#### TASK DETAILS
Begin with the line that holds "子弹|1969年，怀孕6个月的她勇敢与苏军作战，被子弹打中腹部壮烈牺牲" and retype through the last line of the listing below, exactly; pictures are not part of the copy.

======== DATA FOR THIS EXERCISE ========

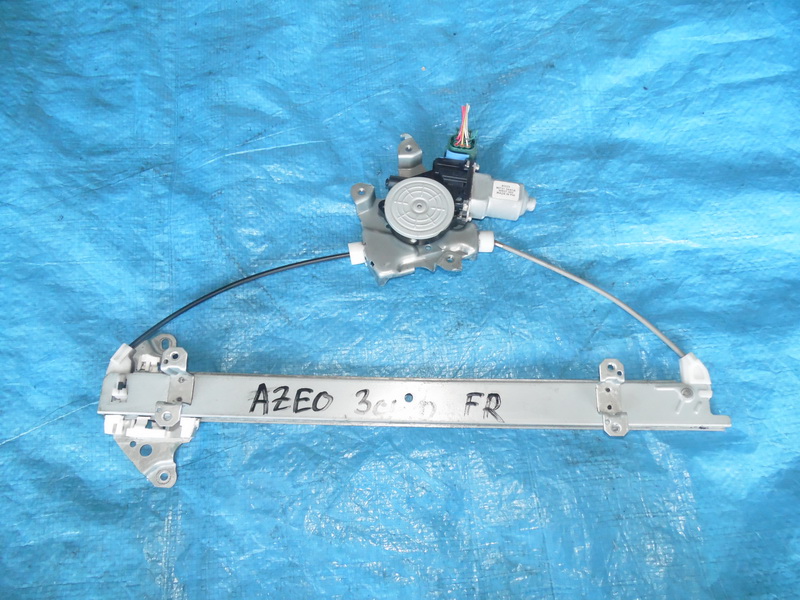 Стеклоподъемник Nissan Leaf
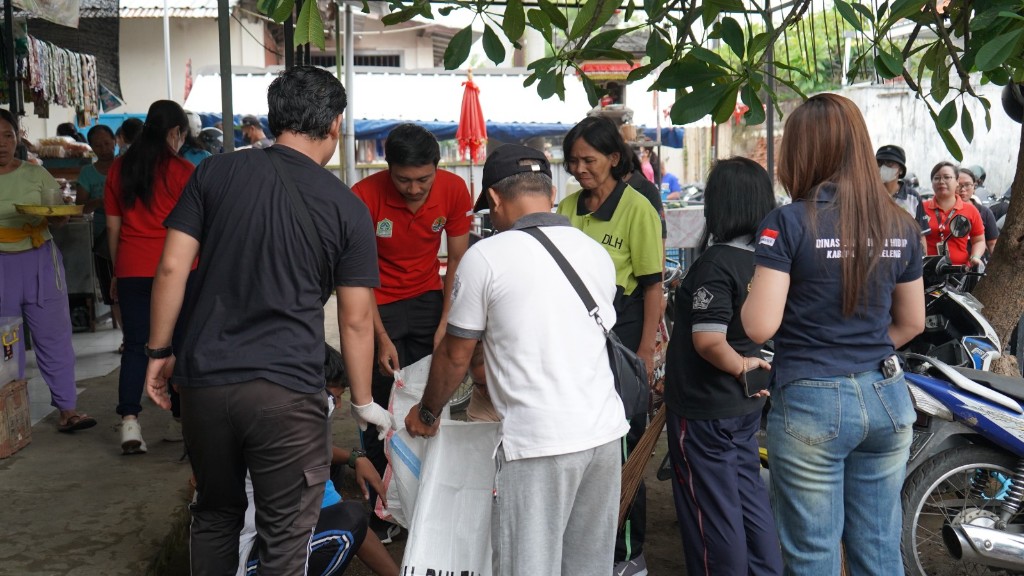 Dokumentasi dari - Aksi Bersih di Pasar Tradisional, Ajak Masyarakat Bijak Gunakan Plastik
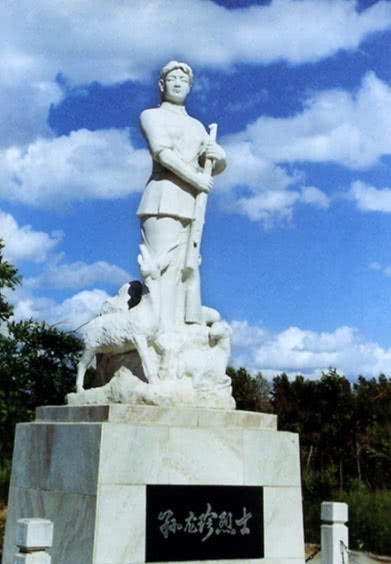 子弹|1969年，怀孕6个月的她勇敢与苏军作战，被子弹打中腹部壮烈牺牲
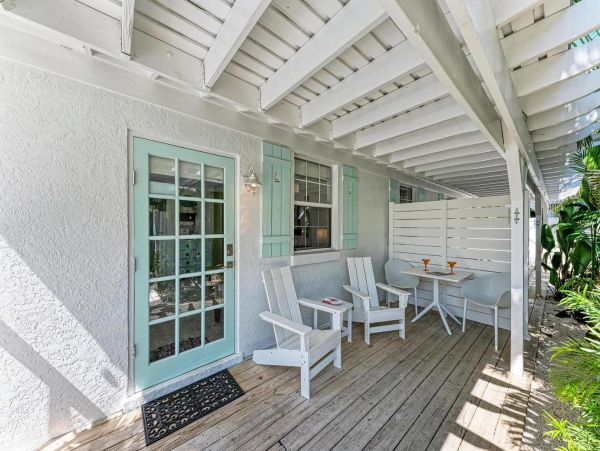 Holmes Beach Vacation Rental - Gulf Coast Cottage Steps from the Beach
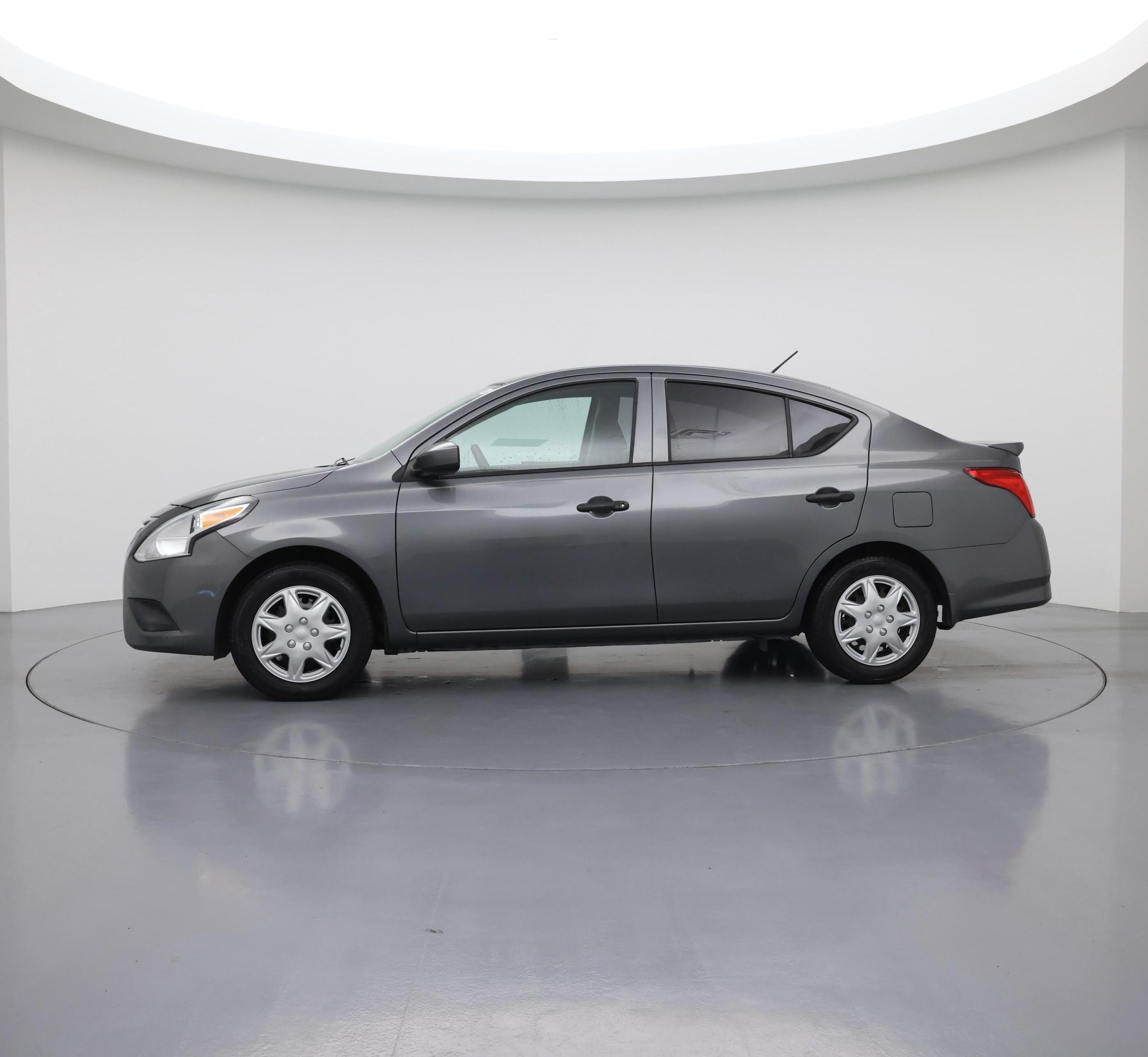 Thumbnail: 2019 Nissan Versa - 3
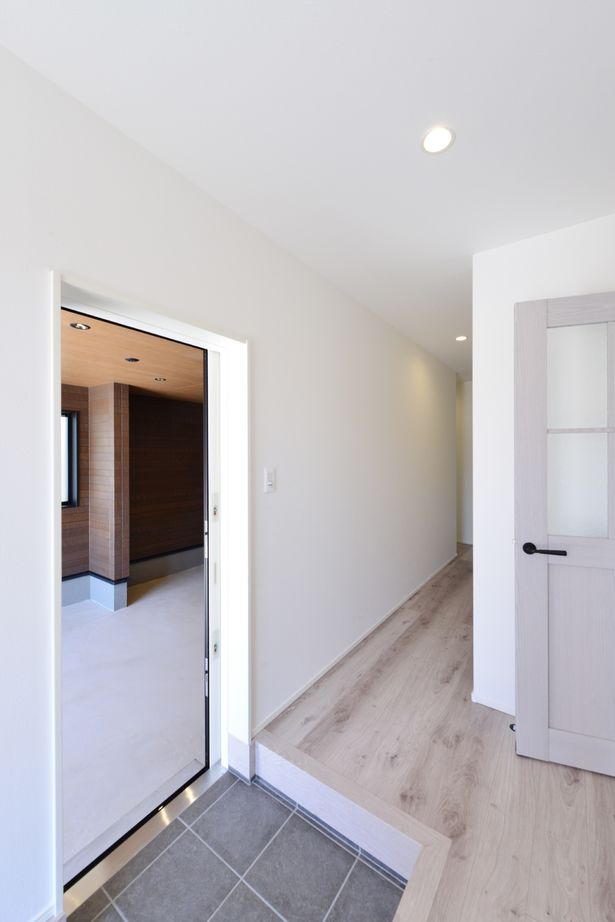 ヘルシーホーム/ハロウス 洗練されたモダンデザインが魅力のガレージ付きの家【インナーガレージ/モダン/木目】の建築実例画像3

========

#### YOUR SOLUTION
 子弹|1969年，怀孕6个月的她勇敢与苏军作战，被子弹打中腹部壮烈牺牲
 Holmes Beach Vacation Rental - Gulf Coast Cottage Steps from the Beach
 Thumbnail: 2019 Nissan Versa - 3
 ヘルシーホーム/ハロウス 洗練されたモダンデザインが魅力のガレージ付きの家【インナーガレージ/モダン/木目】の建築実例画像3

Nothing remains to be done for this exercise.